Este texto foi escrito há vinte anos atrás sobre o 25 de Abril. Hoje, não há palavra alguma a acrescentar a esse texto. Por isso o (re)publico tal e qual como está!
Euforicamente
desde o início do ano, por parte da classe política coadjuvada pelos meios de
comunicação social de dimensão nacional à evocação, quiçá, sublime, por parte
de quem materialmente lucrou com a Revolução, aos vinte anos do 25 de abril.
Façamos nós também, aqui e agora, um balanço daquilo que foi, paradoxalmente
falando, a revolução feita com cravos.
O
golpe militar de à vinte anos, porque foi disso que se tratou, foi desejado por
diferentes sectores políticos e pela burguesia ansiosa pela integração do país
no capitalismo ocidental. Apesar de tudo o que se seguiu, o golpe teve origem
no descontentamento dos capitães do exército por razões de salários, de
promoções e pela situação já insustentável da greve colonial.
Na
manhã do 25 de Abril, os militares avisaram a população para ficar em casa a
aguardar os acontecimentos. Porém a população, sai espontaneamente para a rua e
manifesta-se contra o regime derrubado. A Pide foi desmantelada, os seus
elementos presos e foram soltos os presos políticos. Estes foram, sem dúvida,
os momentos mais importantes em termos efectivos de mudança social, juntamente
com a ocupação de terras e de fábricas, uma parte delas abandonadas pelos
capitalistas que entretanto tinham fugido do país financeiramente acompanhados.

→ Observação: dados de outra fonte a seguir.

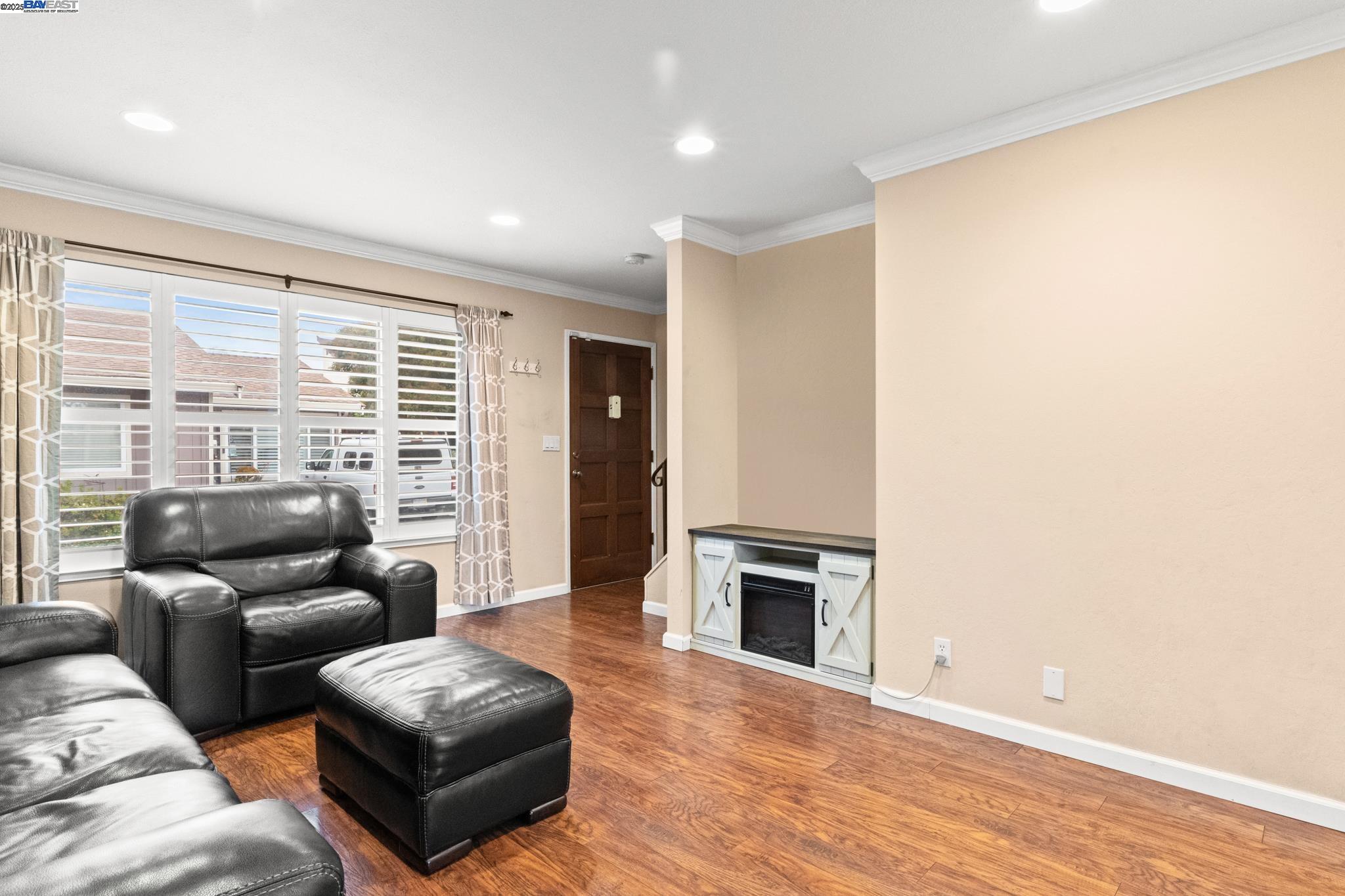 Photo #6: 41098922 Listing: Photo #6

Estas mudanças foram curtas no tempo tendo em conta que os responsáveis
políticos juntamente com os pides nunca foram julgados e foram libertos pouco
tempo depois, do mesmo modo que o movimento espontâneo nas fábricas e no mundo
rural foi de curta duração, a partir do momento em que foi enquadrado pelo Partido Comunista. Posteriormente os
capitalistas voltaram, recuperaram as terras e as fábricas e a sua vingança
faz-se ainda hoje sentir...
Vinte
anos volvidos e tentando ser sociológica e históricamente objectivos, o que é
que cada um e todos nós - estamos a falar do cidadão comum - ganhamos, em todos
os sentidos da palavra, com a queda do "ancien régime"? Em todas as
respostas possíveis a palavra liberdade, duma ou doutra maneira, estará
presente. Mas dizer só isto é confundir toda a realidade social, pois esta
liberdade é unicamente no plano político. Social e economicamente continuamos
tão dependentes como antes...
Relembramos
a este propósito um texto de Proudhon: "Sob o ponto de vista bárbaro,
liberdade é sinónimo de isolamento; é-se tanto mais livre quanto menos a acção
for limitada pela acção dos outros... Sob o ponto de vista social, liberdade e
solidariedade são termos idênticos: encontrando a liberdade de cada um na
liberdade de outrém, não um limite... mas um auxiliar, o homem mais livre é
aquele que tiver mais relações com os seus semelhantes."
Se
fizermos um apanhado dos grandes problemas actuais da sociedade portuguesa,
vemos bem como fede, como tresanda a pus, derivado do cancro social que é o
capitalismo selvagem, grande vencedor do 25 de Abril: desemprego, inflacção,
concorrência desenfreada, sistema de saúde nas lonas, previdência social a dar
o berro, corrupção política e económica, miragem europeia, proliferação de
igrejas e profetas, falência da agricultura, a coesão social que conduz ao
aumento da taxa de suicídio, crimes, delinquência juvenil e ao maior número de
desamparados e pedintes.
Escusado
será continuar nesta enumeração. Daí que tenhamos de concluir que as
iniciativas de "solidariedade social" que por aí abundam, por bem
intencionadas que uma pequena parte delas seja, não pode deixar de revoltar as
nossas consciências de libertários, mesmo que não nos consideremos como tal.
"Só serei verdadeiramente livre - já dizia Bakunine - quando todos os
seres humanos que me cercam, homens e mulheres, forem igualmente livres... de
modo que quanto mais numerosos forem os homens livres que me rodeiam e quanto
mais profunda e maior for a sua liberdade, mais profunda e maior será a minha
liberdade... eu só posso considerar-me completamente livre quando a minha
liberdade ou, o que é a mesma coisa quando a minha dignidade de homem, o meu
direito humano... reflectidos pela consciência igualmente livre de todos, me
forem confirmados pelo assentimento de toda a gente. A minha liberdade pessoal,
assim confirmada pela liberdade de todos, estende-se até ao infinito."